Various Texas Killing Things · RIP, HLN · The Teacher's Pet
Plus: Danny Masterson's reboot
the true crime that's worth your time
“Guess we’re just lettin’ the Chippendales pile up in the sink?” Sarah asked yesterday, and for me the answer is “yeah, I guess.” I still can’t figure out why I’m so tepid on the Hulu series, which is being released weekly like how TV was in the olden days. I like Murray Bartlett and Kumail Nanjiani, I like naked guys, and I like crime, but I just can’t get it up for Welcome to Chippendales. Anyone else having the same issue?

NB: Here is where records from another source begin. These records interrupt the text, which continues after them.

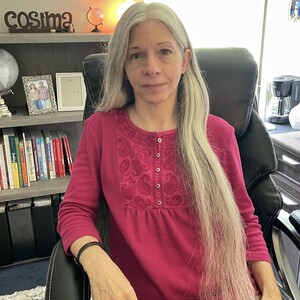 Laura Flumerfelt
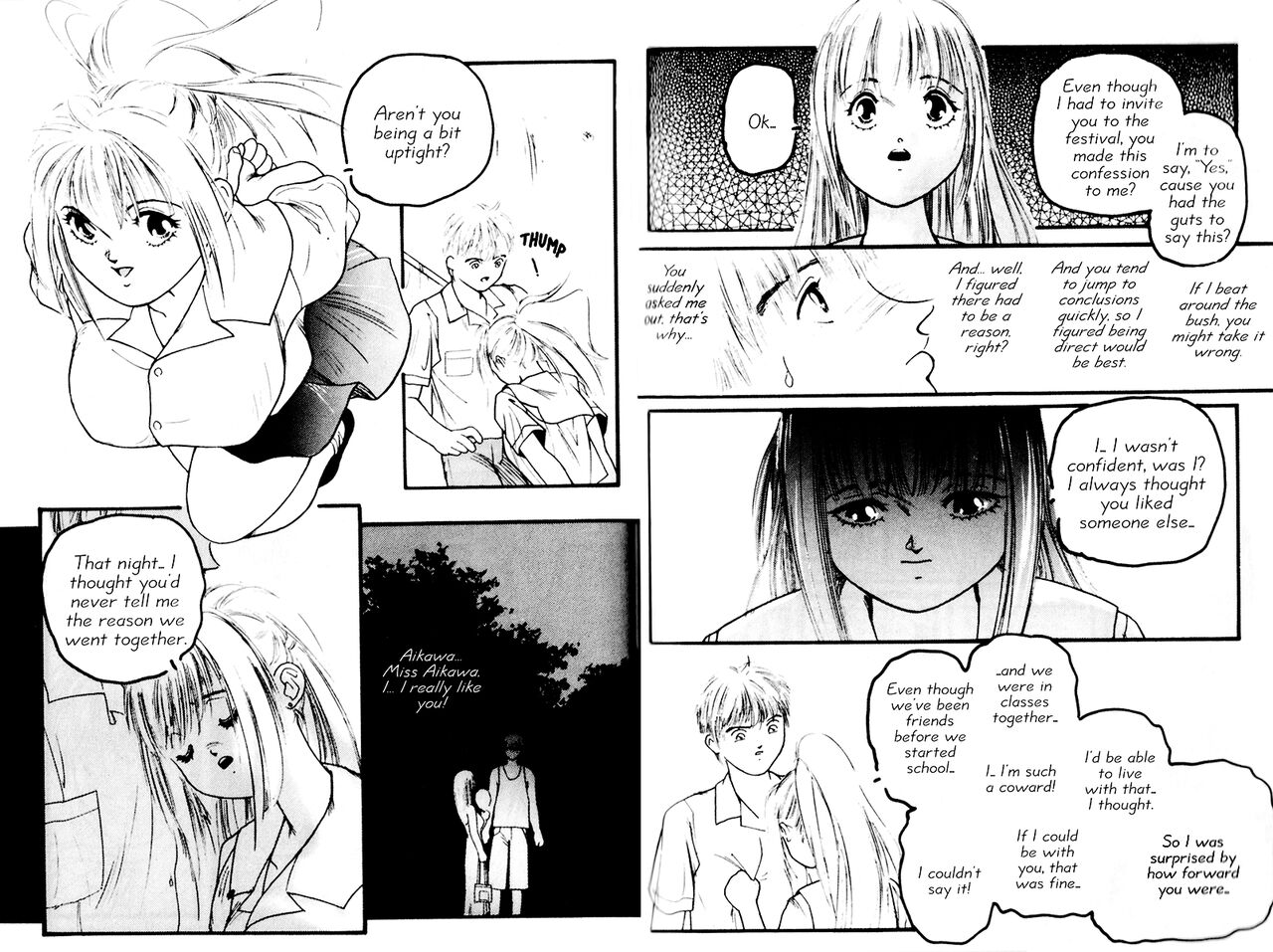 Aigan Shoujo | Cool Devices - Page 53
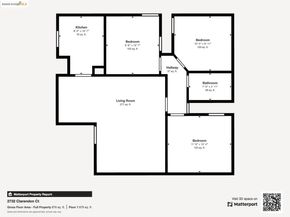 2732 Clarendon Ct., San Pablo CA 94806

So this weekend I’m way more interested in the newly released Crime Scene: The Texas Killing Fields. This is the third outing in the Crime Scene series for Netflix, a mixed-result true crime effort from Ron Howard, Brian Grazer and Joe Berlinger. We’ve discussed the Times Square and Cecil Hotel seasons here before — they were B- to C+ quality-wise, but I was always engaged. So they have me for this one on that basis alone.
Another reason is the IMBD intel, which drops the tidbit that journalist Skip Hollandsworth appears in all three episodes. Hollandsworth’s the Texas Monthly longform writer who in 1999 penned the arguably definitive piece on the decades-long series of slayings along 1-45.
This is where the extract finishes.